● AIM OF THE TASK: When you write out the listing, keep every word as it stands and drop the pictures.

● DATASET EXCERPT:

◇ ◇ ◇

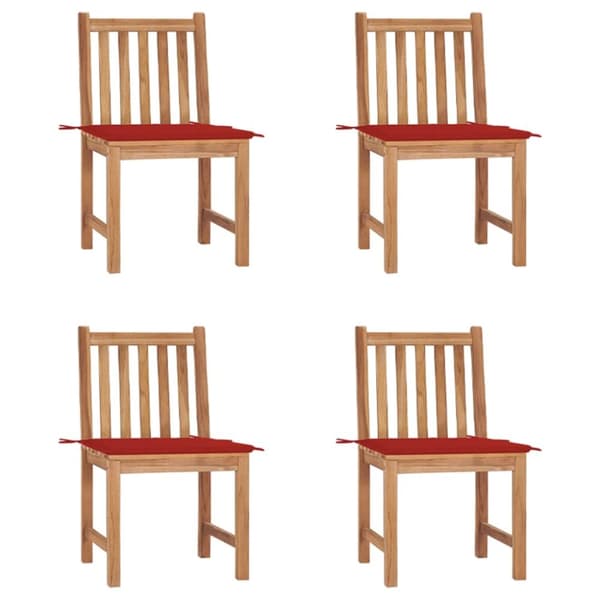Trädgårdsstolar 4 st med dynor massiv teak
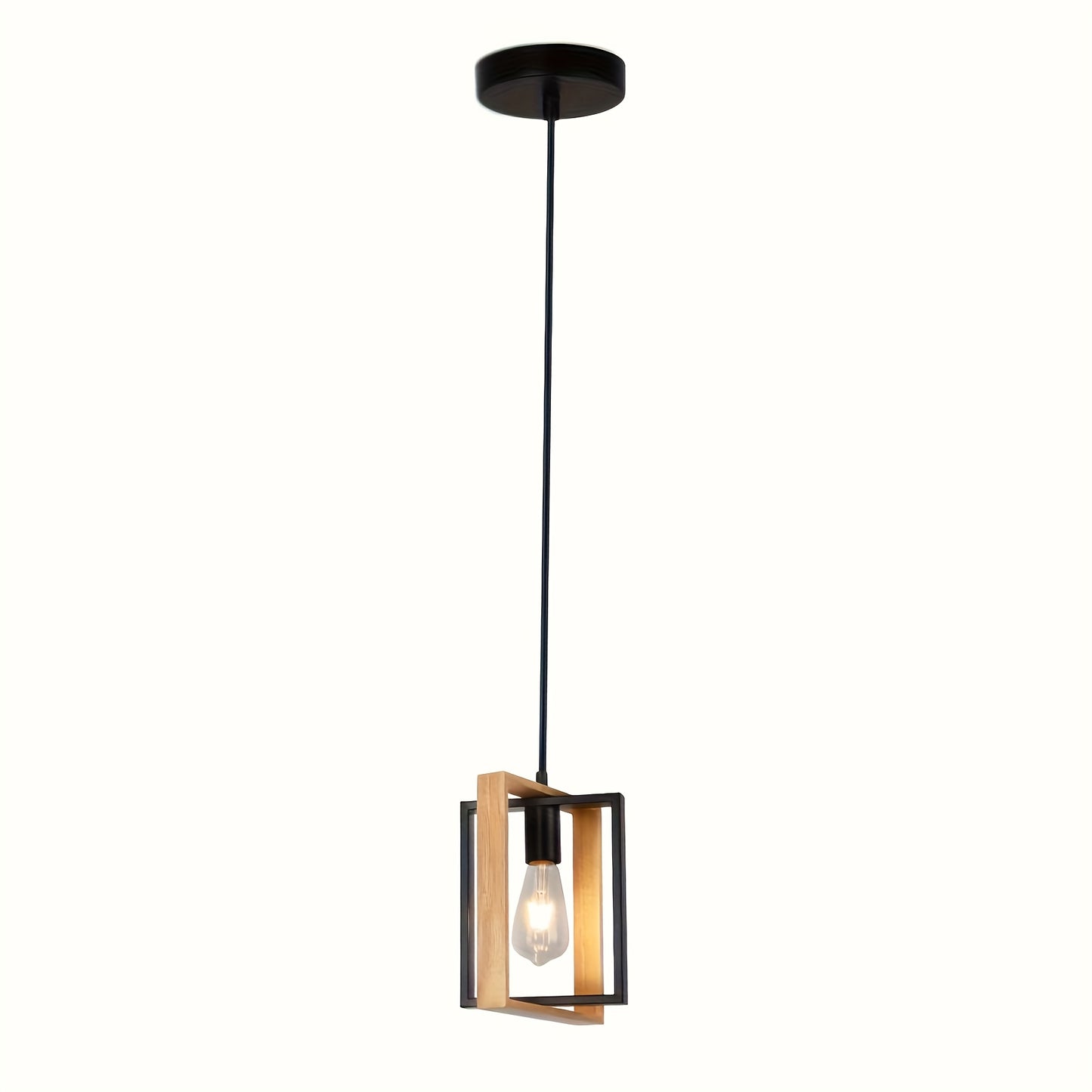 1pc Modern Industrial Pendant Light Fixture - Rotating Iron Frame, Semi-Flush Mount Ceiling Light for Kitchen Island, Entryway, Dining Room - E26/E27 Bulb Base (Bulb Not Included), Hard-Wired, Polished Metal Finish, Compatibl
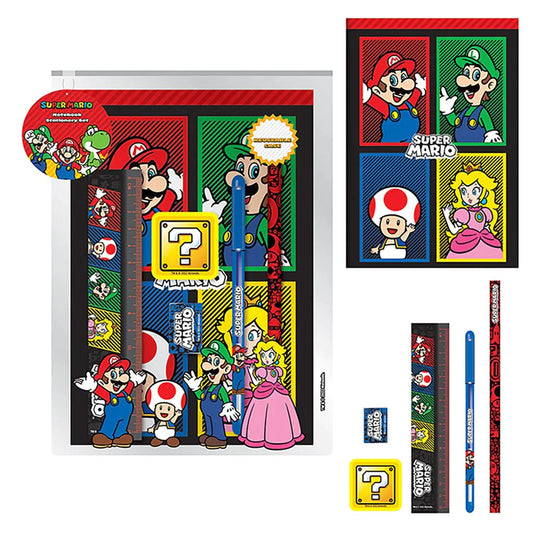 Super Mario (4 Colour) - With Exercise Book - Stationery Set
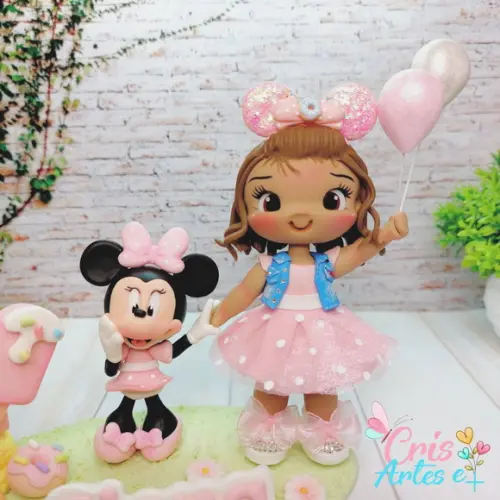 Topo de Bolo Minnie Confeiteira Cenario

◇ ◇ ◇

● RESPONSE TO THIS EXERCISE:
Trädgårdsstolar 4 st med dynor massiv teak
 1pc Modern Industrial Pendant Light Fixture - Rotating Iron Frame, Semi-Flush Mount Ceiling Light for Kitchen Island, Entryway, Dining Room - E26/E27 Bulb Base (Bulb Not Included), Hard-Wired, Polished Metal Finish, Compatibl
 Super Mario (4 Colour) - With Exercise Book - Stationery Set
 Topo de Bolo Minnie Confeiteira Cenario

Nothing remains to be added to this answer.